PB: Man könnte humorvoll sagen, die Superintendententätigkeit findet überwiegend sitzend statt. Ich glaube, dass sich viele Dinge, durch viele kleine Besprechungen klären lassen. Ich glaube, dass ein ein Superintendent , eine Superintendentin ein bisschen so etwas sein sollte, wie Vorandenkerin und Vorandenker, um dieses Wort ‚Visionär‘ zu vermeiden. Er oder sie sollte schon eine Idee davon haben, wohin geht’s denn, was ist in den nächsten Jahren dran, wohin gehen die Entwicklungen. Ich glaube, dass ein Superintendent die Welt deuten sollte, die Zeit, die Welt, die eigene Kirche im Licht des Evangeliums. Was bedeutet frohe Botschaft, Angenommen sein von Gott in dieser Zeit, an diesem Ort, in dieser Kirche. Ich glaube, dass ein Superintendent /eine Superintendentin auch Gelassenheit haben sollte. Das hat mich nicht immer ausgezeichnet. Ich bin oft ungeduldig geworden. Aber man braucht auch für vieles einen langen Atem, Geduld und auch das Vertrauen darauf, dass Dinge nicht nur an uns liegen.

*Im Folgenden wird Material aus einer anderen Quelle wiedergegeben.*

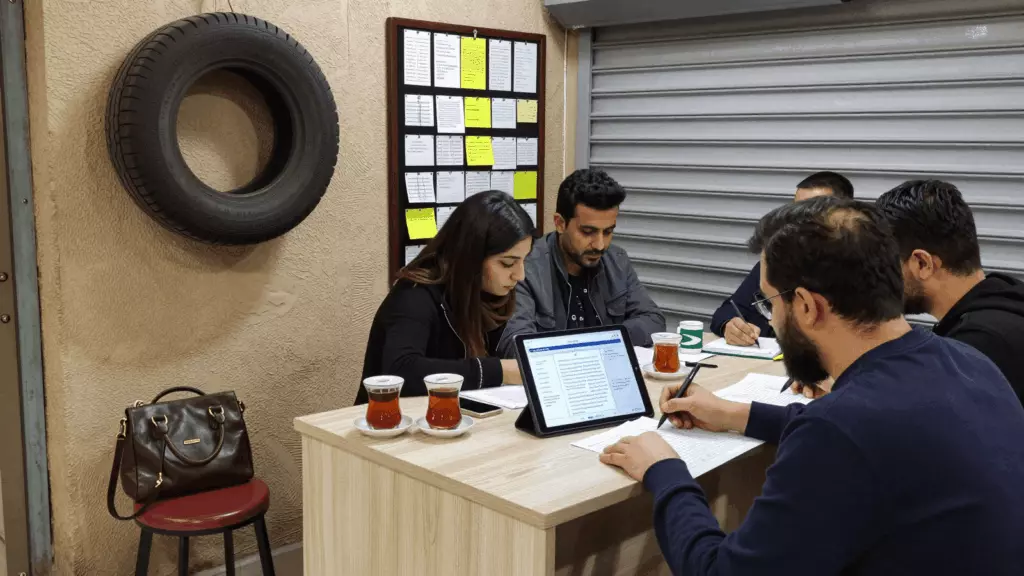 a Persian woman in her late 20s working through برنامه ریزی کنید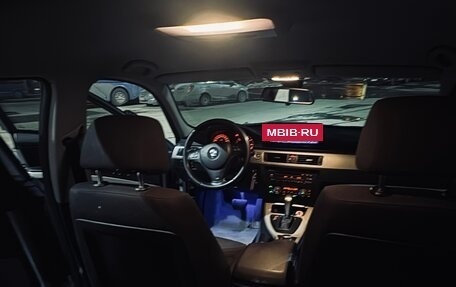 BMW 3 серия, 2011 год, 1 050 000 рублей, 14 фотография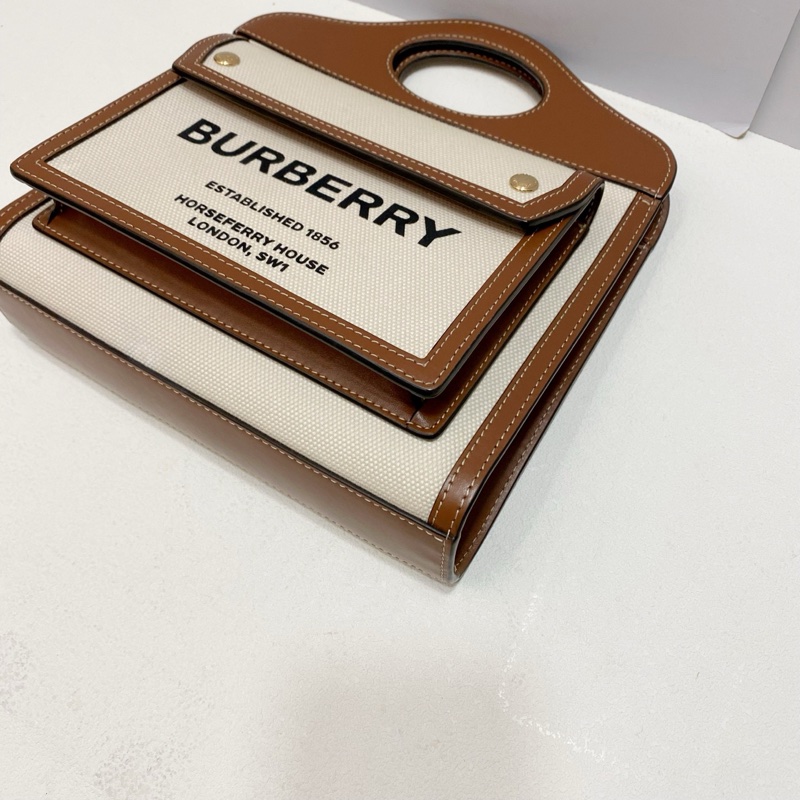 BURBERRY巴寶莉  雙色帆布拼皮Pocket小號口袋包郵差包  尺寸：24*26.5*6 附件：塵袋（-4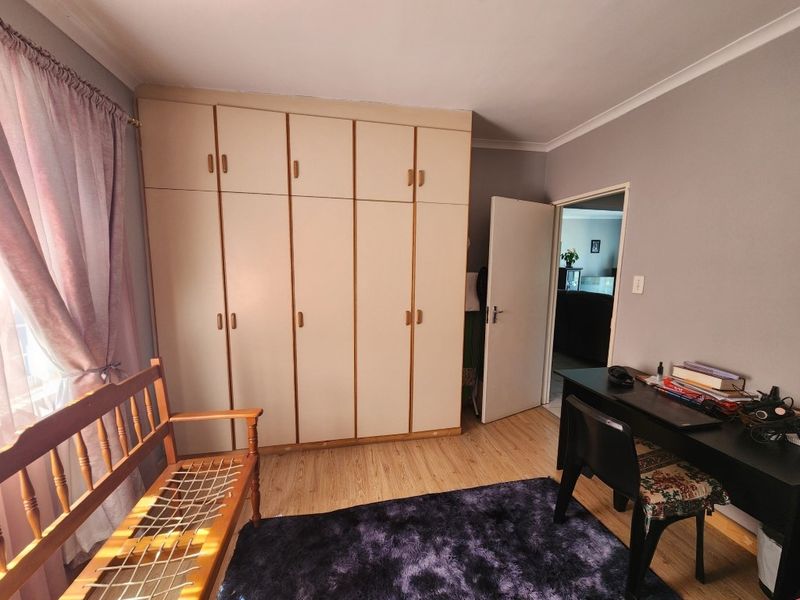 House For Sale In Malmesbury - Photo 9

F: … und wie sieht die No-Go-Area aus?
PB: Das ist ja die Frage, was würdest du anders machen, wenn du es noch mal machen würdest. Im Rückblick würde ich zumindest versuchen, in den wichtigen Sachen präsent zu sein. Ich würde versuchen, weniger unnützes Zeug zu machen, also das, was vergeblich ist. Vielleicht auch noch mal mehr zu delegieren, nicht so viel selbst zu machen. Ich will mal ein Beispiel sagen. Am Anfang habe ich ganz schnell, wenn es Fragen aus den Gemeinden gab, gesagt, ja ich komme und ich bespreche das mit euch. Und zunehmend habe ich gesagt, da gibt es Menschen, die das gut können. Da sind Gemeindeberater, Gemeindeberaterinnen, kirchliche Supervisorinnen und Supervisoren. Geht doch mal auf die zu. Die können das mit euch auch gut machen. Und die Erfahrung hat es auch oft gezeigt, man muss das nicht alles selbst tun, man kann das auch lassen. Oder in Veränderungsprozessen nach Kompetenzen zu gucken. Wir haben ja Zeiten, in denen Veränderung ein großes Thema ist. Ich würde mich noch weniger um Fragen kümmern, wie finanzieren wir das alles, wo kommt das Geld am Ende her? Da muss man eine Idee haben, aber man muss es nicht selber machen. Da gibt es kompetentere. Oder Dinge der Verwaltung der Verwaltung überlassen. Ich würde konzentrierter gucken, ob wir nicht Menschen haben, die es wirklich gut können.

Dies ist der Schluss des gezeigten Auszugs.